■ Entries shown

-- Opening Marker --

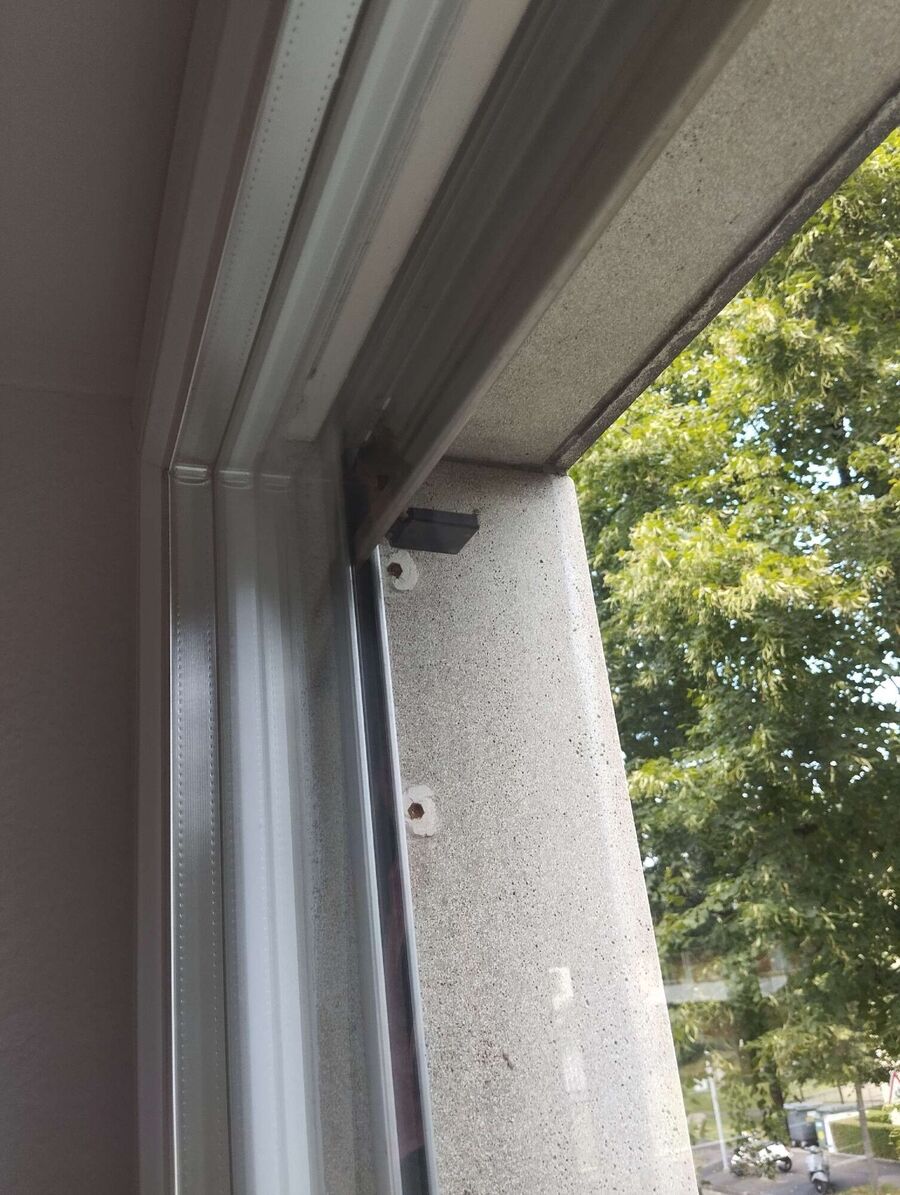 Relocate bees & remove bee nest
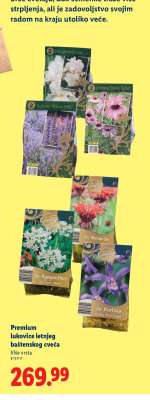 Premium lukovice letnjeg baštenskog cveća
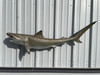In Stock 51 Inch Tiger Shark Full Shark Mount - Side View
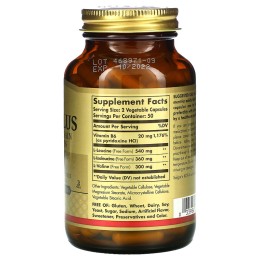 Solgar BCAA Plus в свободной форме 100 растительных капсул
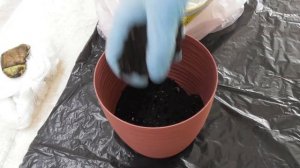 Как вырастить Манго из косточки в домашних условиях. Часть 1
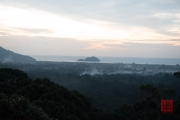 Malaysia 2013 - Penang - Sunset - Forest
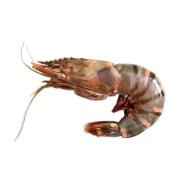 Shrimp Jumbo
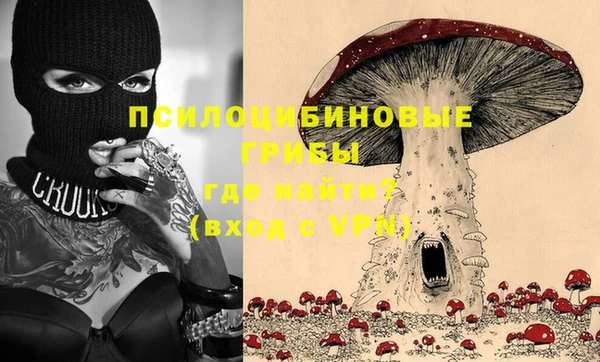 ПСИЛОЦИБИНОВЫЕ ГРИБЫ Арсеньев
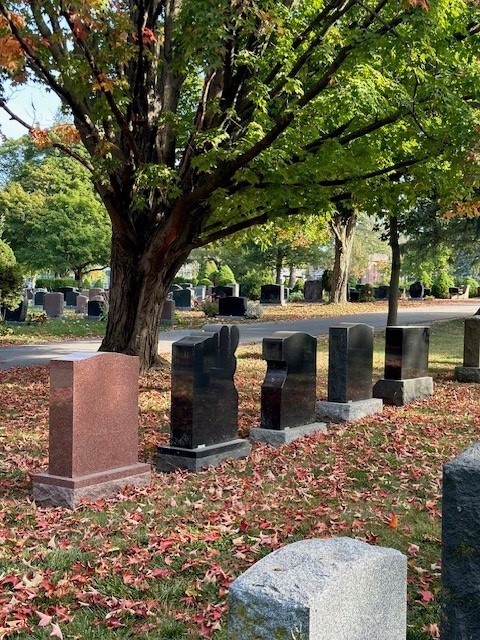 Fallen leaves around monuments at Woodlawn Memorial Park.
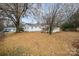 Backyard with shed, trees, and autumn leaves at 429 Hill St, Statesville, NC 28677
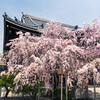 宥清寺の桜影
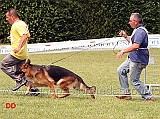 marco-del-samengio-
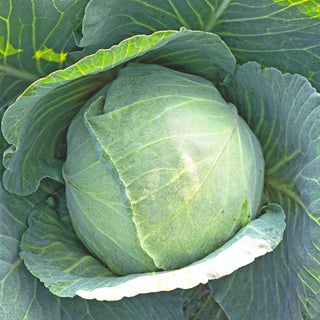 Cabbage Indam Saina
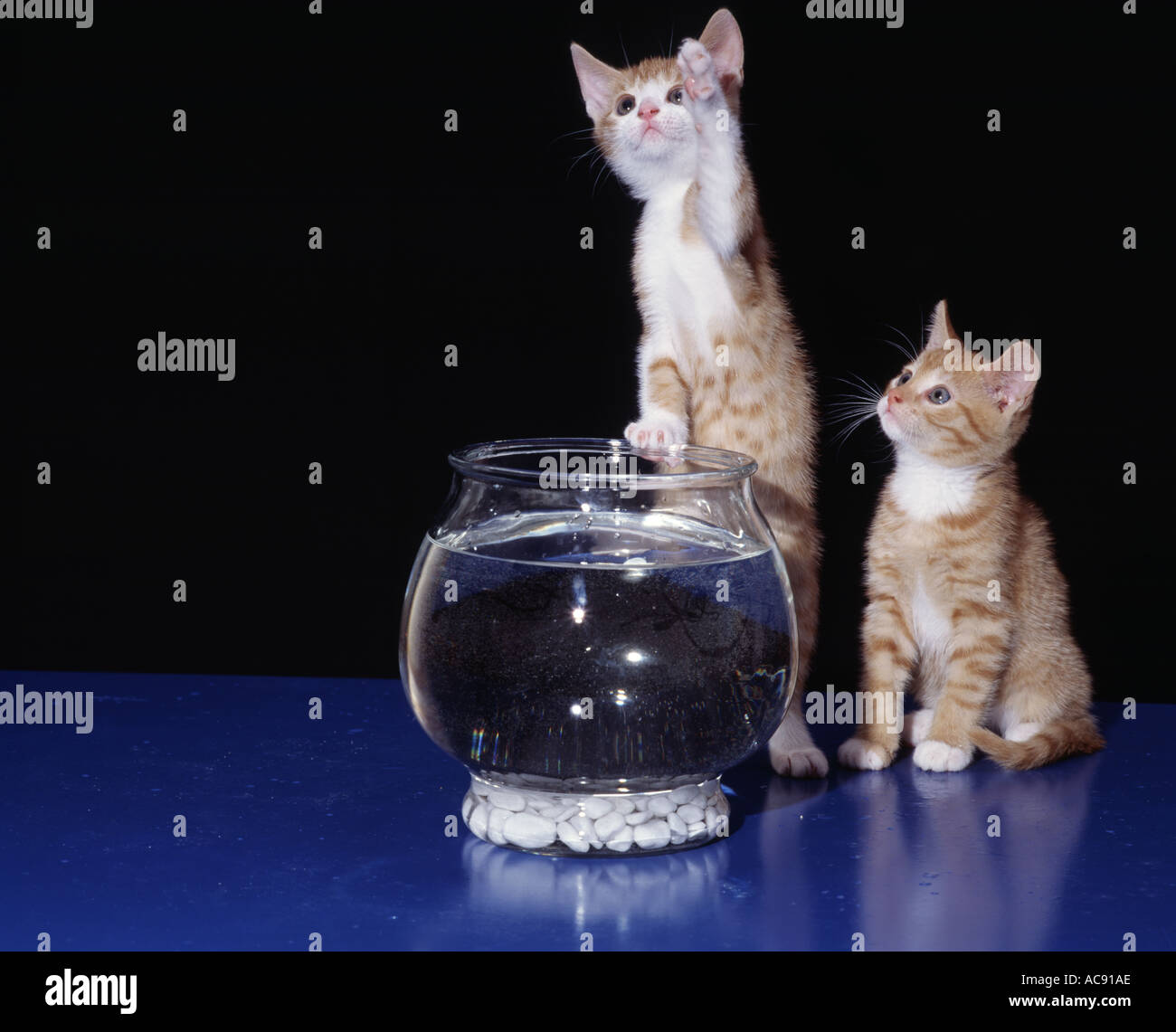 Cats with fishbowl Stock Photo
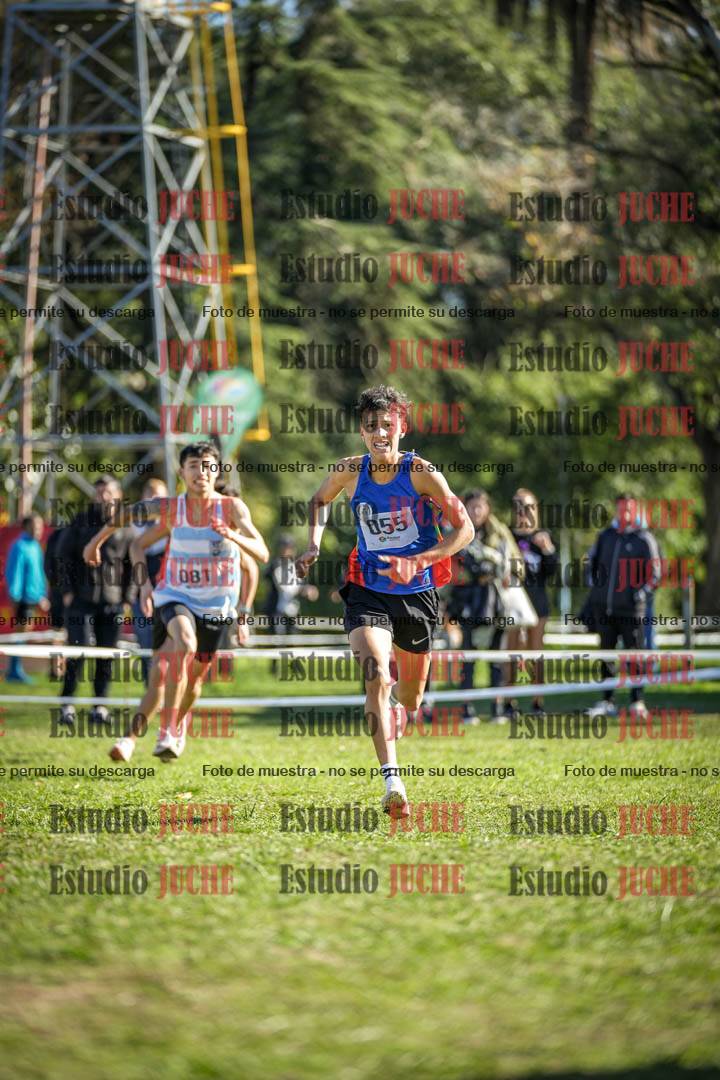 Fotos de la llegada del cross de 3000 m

-- Closing Marker --

■ What this task involves
Please output the material above again, exactly, and omit every image.

■ Answer section
 Relocate bees & remove bee nest
 Premium lukovice letnjeg baštenskog cveća
In Stock 51 Inch Tiger Shark Full Shark Mount - Side View
 Solgar BCAA Plus в свободной форме 100 растительных капсул
 Как вырастить Манго из косточки в домашних условиях. Часть 1
 Malaysia 2013 - Penang - Sunset - Forest
 Shrimp Jumbo
 ПСИЛОЦИБИНОВЫЕ ГРИБЫ Арсеньев
 Fallen leaves around monuments at Woodlawn Memorial Park.
 Backyard with shed, trees, and autumn leaves at 429 Hill St, Statesville, NC 28677
 宥清寺の桜影
 marco-del-samengio-
 Cabbage Indam Saina
 Cats with fishbowl Stock Photo
 Fotos de la llegada del cross de 3000 m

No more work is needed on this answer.